▸ EXERCISE:
Would you print the records below without changing anything?

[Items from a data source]
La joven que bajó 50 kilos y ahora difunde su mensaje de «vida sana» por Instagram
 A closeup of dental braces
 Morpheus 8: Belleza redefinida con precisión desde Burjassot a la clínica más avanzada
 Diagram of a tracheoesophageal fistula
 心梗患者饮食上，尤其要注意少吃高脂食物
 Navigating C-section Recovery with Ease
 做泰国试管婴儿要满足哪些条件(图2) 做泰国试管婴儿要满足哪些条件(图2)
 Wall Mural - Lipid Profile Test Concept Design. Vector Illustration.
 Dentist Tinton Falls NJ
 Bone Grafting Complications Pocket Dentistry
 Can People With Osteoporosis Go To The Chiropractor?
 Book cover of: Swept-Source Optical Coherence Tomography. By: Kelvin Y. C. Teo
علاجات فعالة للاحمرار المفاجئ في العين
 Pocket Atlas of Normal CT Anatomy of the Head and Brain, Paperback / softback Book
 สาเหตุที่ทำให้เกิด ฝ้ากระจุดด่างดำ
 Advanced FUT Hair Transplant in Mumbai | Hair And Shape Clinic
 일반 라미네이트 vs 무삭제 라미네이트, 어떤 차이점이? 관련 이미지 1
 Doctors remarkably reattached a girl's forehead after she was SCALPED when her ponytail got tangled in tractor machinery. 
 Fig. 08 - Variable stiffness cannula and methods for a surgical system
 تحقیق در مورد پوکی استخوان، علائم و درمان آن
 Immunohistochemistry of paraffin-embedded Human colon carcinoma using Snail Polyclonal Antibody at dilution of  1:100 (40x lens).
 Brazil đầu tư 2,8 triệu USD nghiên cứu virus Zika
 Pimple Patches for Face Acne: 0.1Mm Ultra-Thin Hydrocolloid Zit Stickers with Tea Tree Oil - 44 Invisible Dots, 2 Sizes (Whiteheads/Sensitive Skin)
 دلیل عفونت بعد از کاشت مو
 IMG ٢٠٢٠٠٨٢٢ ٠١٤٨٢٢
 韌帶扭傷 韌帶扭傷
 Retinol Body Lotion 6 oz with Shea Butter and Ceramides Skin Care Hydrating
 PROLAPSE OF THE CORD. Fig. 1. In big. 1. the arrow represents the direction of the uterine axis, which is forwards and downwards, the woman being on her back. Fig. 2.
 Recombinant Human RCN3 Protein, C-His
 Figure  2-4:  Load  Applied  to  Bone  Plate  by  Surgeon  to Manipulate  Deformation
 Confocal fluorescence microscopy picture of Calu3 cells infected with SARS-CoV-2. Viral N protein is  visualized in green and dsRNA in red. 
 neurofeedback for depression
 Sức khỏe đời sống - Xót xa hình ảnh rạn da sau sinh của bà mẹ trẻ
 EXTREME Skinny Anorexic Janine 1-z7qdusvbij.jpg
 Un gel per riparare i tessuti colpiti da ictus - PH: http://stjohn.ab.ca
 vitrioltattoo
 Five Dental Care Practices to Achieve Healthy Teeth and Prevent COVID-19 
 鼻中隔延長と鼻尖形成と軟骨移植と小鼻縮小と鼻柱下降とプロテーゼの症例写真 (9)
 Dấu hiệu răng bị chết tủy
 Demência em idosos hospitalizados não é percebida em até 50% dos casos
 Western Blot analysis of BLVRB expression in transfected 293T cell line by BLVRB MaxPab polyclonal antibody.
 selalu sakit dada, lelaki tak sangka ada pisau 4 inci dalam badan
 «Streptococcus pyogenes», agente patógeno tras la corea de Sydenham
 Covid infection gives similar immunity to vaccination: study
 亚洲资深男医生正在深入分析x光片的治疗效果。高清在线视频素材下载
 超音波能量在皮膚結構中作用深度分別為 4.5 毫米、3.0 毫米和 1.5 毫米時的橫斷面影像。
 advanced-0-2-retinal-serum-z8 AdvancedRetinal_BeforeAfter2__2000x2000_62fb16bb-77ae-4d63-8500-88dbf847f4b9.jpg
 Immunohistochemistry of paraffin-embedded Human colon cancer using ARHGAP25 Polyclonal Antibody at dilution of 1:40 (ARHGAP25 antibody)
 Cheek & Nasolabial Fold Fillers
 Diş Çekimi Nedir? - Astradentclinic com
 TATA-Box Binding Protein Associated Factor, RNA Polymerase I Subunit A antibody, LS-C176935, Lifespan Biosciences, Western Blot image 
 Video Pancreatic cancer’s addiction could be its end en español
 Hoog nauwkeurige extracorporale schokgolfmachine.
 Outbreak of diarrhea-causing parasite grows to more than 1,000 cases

▸ REPLY TO THE EXERCISE:
La joven que bajó 50 kilos y ahora difunde su mensaje de «vida sana» por Instagram
 A closeup of dental braces
 Morpheus 8: Belleza redefinida con precisión desde Burjassot a la clínica más avanzada
 Diagram of a tracheoesophageal fistula
 心梗患者饮食上，尤其要注意少吃高脂食物
 Navigating C-section Recovery with Ease
 做泰国试管婴儿要满足哪些条件(图2) 做泰国试管婴儿要满足哪些条件(图2)
 Wall Mural - Lipid Profile Test Concept Design. Vector Illustration.
 Dentist Tinton Falls NJ
 Bone Grafting Complications Pocket Dentistry
 Can People With Osteoporosis Go To The Chiropractor?
 Book cover of: Swept-Source Optical Coherence Tomography. By: Kelvin Y. C. Teo
علاجات فعالة للاحمرار المفاجئ في العين
 Pocket Atlas of Normal CT Anatomy of the Head and Brain, Paperback / softback Book
 สาเหตุที่ทำให้เกิด ฝ้ากระจุดด่างดำ
 Advanced FUT Hair Transplant in Mumbai | Hair And Shape Clinic
 일반 라미네이트 vs 무삭제 라미네이트, 어떤 차이점이? 관련 이미지 1
 Doctors remarkably reattached a girl's forehead after she was SCALPED when her ponytail got tangled in tractor machinery. 
 Fig. 08 - Variable stiffness cannula and methods for a surgical system
 تحقیق در مورد پوکی استخوان، علائم و درمان آن
 Immunohistochemistry of paraffin-embedded Human colon carcinoma using Snail Polyclonal Antibody at dilution of  1:100 (40x lens).
 Brazil đầu tư 2,8 triệu USD nghiên cứu virus Zika
 Pimple Patches for Face Acne: 0.1Mm Ultra-Thin Hydrocolloid Zit Stickers with Tea Tree Oil - 44 Invisible Dots, 2 Sizes (Whiteheads/Sensitive Skin)
 دلیل عفونت بعد از کاشت مو
 IMG ٢٠٢٠٠٨٢٢ ٠١٤٨٢٢
 韌帶扭傷 韌帶扭傷
 Retinol Body Lotion 6 oz with Shea Butter and Ceramides Skin Care Hydrating
 PROLAPSE OF THE CORD. Fig. 1. In big. 1. the arrow represents the direction of the uterine axis, which is forwards and downwards, the woman being on her back. Fig. 2.
 Recombinant Human RCN3 Protein, C-His
 Figure  2-4:  Load  Applied  to  Bone  Plate  by  Surgeon  to Manipulate  Deformation
 Confocal fluorescence microscopy picture of Calu3 cells infected with SARS-CoV-2. Viral N protein is  visualized in green and dsRNA in red. 
 neurofeedback for depression
 Sức khỏe đời sống - Xót xa hình ảnh rạn da sau sinh của bà mẹ trẻ
 EXTREME Skinny Anorexic Janine 1-z7qdusvbij.jpg
 Un gel per riparare i tessuti colpiti da ictus - PH: http://stjohn.ab.ca
 vitrioltattoo
 Five Dental Care Practices to Achieve Healthy Teeth and Prevent COVID-19 
 鼻中隔延長と鼻尖形成と軟骨移植と小鼻縮小と鼻柱下降とプロテーゼの症例写真 (9)
 Dấu hiệu răng bị chết tủy
 Demência em idosos hospitalizados não é percebida em até 50% dos casos
 Western Blot analysis of BLVRB expression in transfected 293T cell line by BLVRB MaxPab polyclonal antibody.
 selalu sakit dada, lelaki tak sangka ada pisau 4 inci dalam badan
 «Streptococcus pyogenes», agente patógeno tras la corea de Sydenham
 Covid infection gives similar immunity to vaccination: study
 亚洲资深男医生正在深入分析x光片的治疗效果。高清在线视频素材下载
 超音波能量在皮膚結構中作用深度分別為 4.5 毫米、3.0 毫米和 1.5 毫米時的橫斷面影像。
 advanced-0-2-retinal-serum-z8 AdvancedRetinal_BeforeAfter2__2000x2000_62fb16bb-77ae-4d63-8500-88dbf847f4b9.jpg
 Immunohistochemistry of paraffin-embedded Human colon cancer using ARHGAP25 Polyclonal Antibody at dilution of 1:40 (ARHGAP25 antibody)
 Cheek & Nasolabial Fold Fillers
 Diş Çekimi Nedir? - Astradentclinic com
 TATA-Box Binding Protein Associated Factor, RNA Polymerase I Subunit A antibody, LS-C176935, Lifespan Biosciences, Western Blot image 
 Video Pancreatic cancer’s addiction could be its end en español
 Hoog nauwkeurige extracorporale schokgolfmachine.
 Outbreak of diarrhea-causing parasite grows to more than 1,000 cases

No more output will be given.